Le festival des excuses

Ceux qui décrivent la cible du PQ comme irréaliste devront nous expliquer pourquoi les véhicules zéro émission représentent déjà 81 % des ventes en Norvège (la proportion atteint 90 % en comptant les hybrides).

Pourquoi, à 23 %, la Chine fait deux fois mieux que nous. Pourquoi l’Allemagne, la Californie, la Suède, les Pays-Bas ou l’Islande vendent tous, proportionnellement, plus de voitures électriques que le Québec.

Les excuses fusent, mais aucune ne tient la route. On entend par exemple que les constructeurs envoient leurs modèles électriques vers les gros marchés – en oubliant que les leaders mondiaux sont la Norvège (5,4 millions d’habitants) et l’Islande (366 000 habitants).

La réalité est pourtant claire pour qui veut la voir : les constructeurs envoient leurs véhicules en priorité là où la réglementation en impose la vente. Un exemple probant est la Colombie-Britannique. L’an dernier, la province s’est donné comme objectif d’amener la part de marché des véhicules zéro émission à 26 % en 2026 et à 90 % en 2030.

Résultat : les constructeurs y ont expédié des véhicules et la Colombie-Britannique a détrôné le Québec comme champion canadien de la voiture électrique (part de marché de 16 % contre 12 % au plus récent trimestre). Et ce, même si le rabais consenti par le gouvernement y est plus faible qu’au Québec (4000 $ au lieu de 7000 $).

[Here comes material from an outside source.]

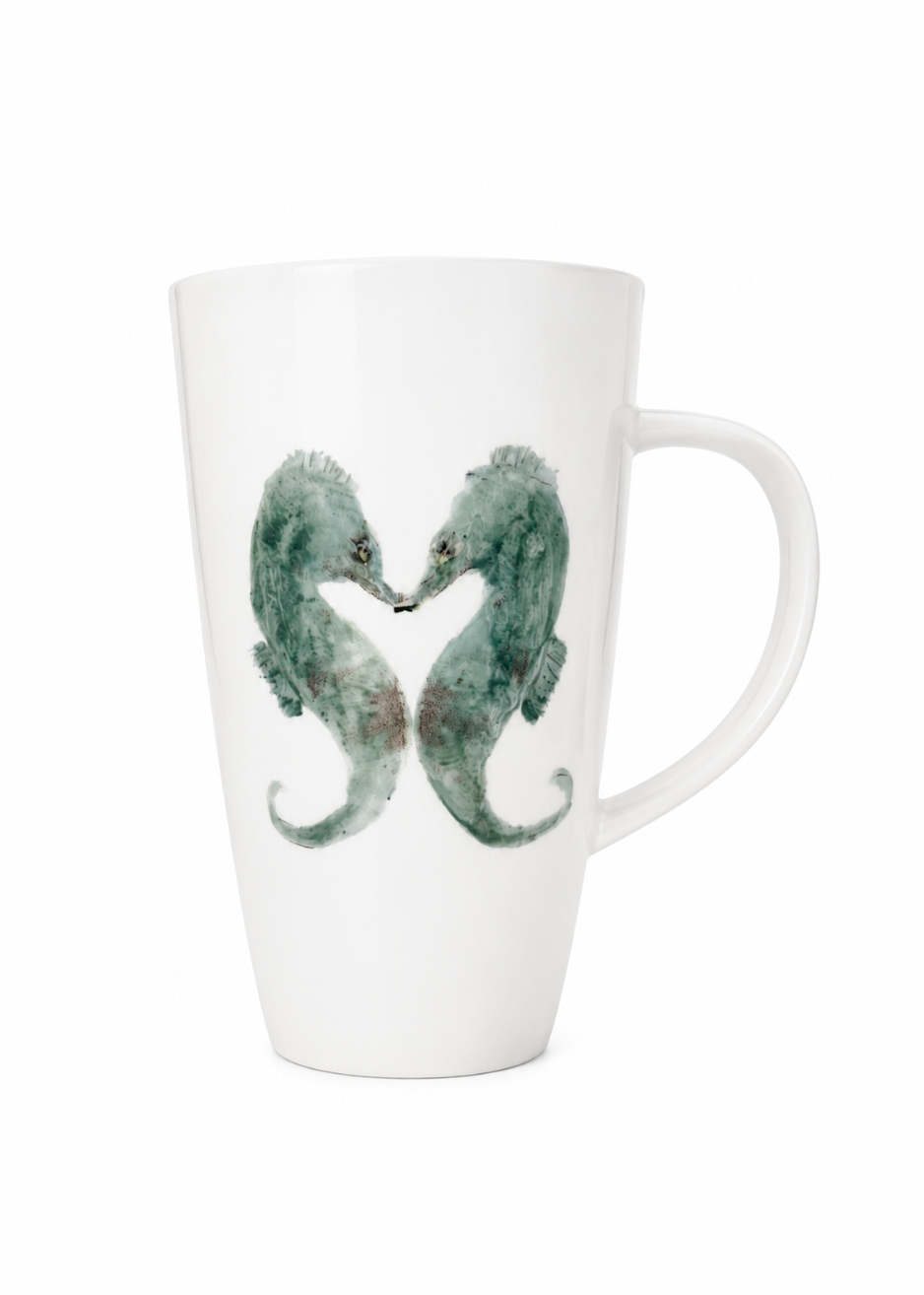 Hand-Painted Coastal Porcelain Double Seahorse Mug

Le Québec s’est engagé à interdire la vente de véhicules à essence en 2035. C’est bien, mais c’est loin. Les constructeurs ne sentent aucune pression à court terme. Voilà pourquoi il faut se doter de cibles intermédiaires. La Californie, par exemple, a fixé une cible de 35 % d’ici 2026.

« On s’attend à ce qu’une quinzaine d’États américains renforcent leur réglementation. Si le Québec n’est pas plus ambitieux, on va se retrouver avec les restes », prévient Daniel Breton, président et directeur général de Mobilité Canada.

Les voitures électriques ne sont pas la solution à tout, loin de là. Mais le secteur des transports étant notre plus important émetteur de GES, elles sont un élément essentiel de l’atteinte de nos cibles environnementales.

Se sentant bousculé par la cible du PQ, le PDG de la Corporation des concessionnaires automobiles du Québec, Robert Poëti, a philosophé au micro de Paul Arcand qu’il fallait « donner le temps au temps ».

Nous croyons plutôt que l’heure est à l’action.